─── Provided records

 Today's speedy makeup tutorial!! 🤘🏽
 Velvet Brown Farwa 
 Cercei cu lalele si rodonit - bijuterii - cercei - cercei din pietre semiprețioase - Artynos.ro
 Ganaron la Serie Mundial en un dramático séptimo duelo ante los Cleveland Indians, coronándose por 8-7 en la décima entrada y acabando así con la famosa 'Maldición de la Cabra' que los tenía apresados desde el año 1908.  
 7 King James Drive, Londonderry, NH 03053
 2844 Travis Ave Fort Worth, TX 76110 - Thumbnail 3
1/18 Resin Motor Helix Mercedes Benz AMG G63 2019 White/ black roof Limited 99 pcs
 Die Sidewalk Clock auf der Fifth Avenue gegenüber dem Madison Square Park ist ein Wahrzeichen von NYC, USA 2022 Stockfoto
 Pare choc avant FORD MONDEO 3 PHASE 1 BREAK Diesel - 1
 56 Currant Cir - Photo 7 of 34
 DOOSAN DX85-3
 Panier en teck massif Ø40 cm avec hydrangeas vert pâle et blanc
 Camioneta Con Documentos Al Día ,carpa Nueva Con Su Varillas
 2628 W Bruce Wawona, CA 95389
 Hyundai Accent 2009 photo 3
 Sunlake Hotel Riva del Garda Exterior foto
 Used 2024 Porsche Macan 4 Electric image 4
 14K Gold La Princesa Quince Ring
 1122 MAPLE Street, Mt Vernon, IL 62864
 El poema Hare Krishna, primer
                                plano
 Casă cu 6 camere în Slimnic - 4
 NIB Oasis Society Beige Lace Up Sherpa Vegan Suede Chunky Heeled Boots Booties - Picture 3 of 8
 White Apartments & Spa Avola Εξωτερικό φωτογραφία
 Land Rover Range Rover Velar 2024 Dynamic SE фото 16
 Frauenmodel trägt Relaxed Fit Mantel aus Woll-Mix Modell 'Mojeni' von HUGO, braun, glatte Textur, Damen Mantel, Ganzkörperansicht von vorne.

──────

Exercise goal ->
Each entry is to be retyped precisely as it stands.

Response box ->
 Today's speedy makeup tutorial!! 🤘🏽
 Velvet Brown Farwa 
 Cercei cu lalele si rodonit - bijuterii - cercei - cercei din pietre semiprețioase - Artynos.ro
 Ganaron la Serie Mundial en un dramático séptimo duelo ante los Cleveland Indians, coronándose por 8-7 en la décima entrada y acabando así con la famosa 'Maldición de la Cabra' que los tenía apresados desde el año 1908.  
 7 King James Drive, Londonderry, NH 03053
 2844 Travis Ave Fort Worth, TX 76110 - Thumbnail 3
1/18 Resin Motor Helix Mercedes Benz AMG G63 2019 White/ black roof Limited 99 pcs
 Die Sidewalk Clock auf der Fifth Avenue gegenüber dem Madison Square Park ist ein Wahrzeichen von NYC, USA 2022 Stockfoto
 Pare choc avant FORD MONDEO 3 PHASE 1 BREAK Diesel - 1
 56 Currant Cir - Photo 7 of 34
 DOOSAN DX85-3
 Panier en teck massif Ø40 cm avec hydrangeas vert pâle et blanc
 Camioneta Con Documentos Al Día ,carpa Nueva Con Su Varillas
 2628 W Bruce Wawona, CA 95389
 Hyundai Accent 2009 photo 3
 Sunlake Hotel Riva del Garda Exterior foto
 Used 2024 Porsche Macan 4 Electric image 4
 14K Gold La Princesa Quince Ring
 1122 MAPLE Street, Mt Vernon, IL 62864
 El poema Hare Krishna, primer
                                plano
 Casă cu 6 camere în Slimnic - 4
 NIB Oasis Society Beige Lace Up Sherpa Vegan Suede Chunky Heeled Boots Booties - Picture 3 of 8
 White Apartments & Spa Avola Εξωτερικό φωτογραφία
 Land Rover Range Rover Velar 2024 Dynamic SE фото 16
 Frauenmodel trägt Relaxed Fit Mantel aus Woll-Mix Modell 'Mojeni' von HUGO, braun, glatte Textur, Damen Mantel, Ganzkörperansicht von vorne.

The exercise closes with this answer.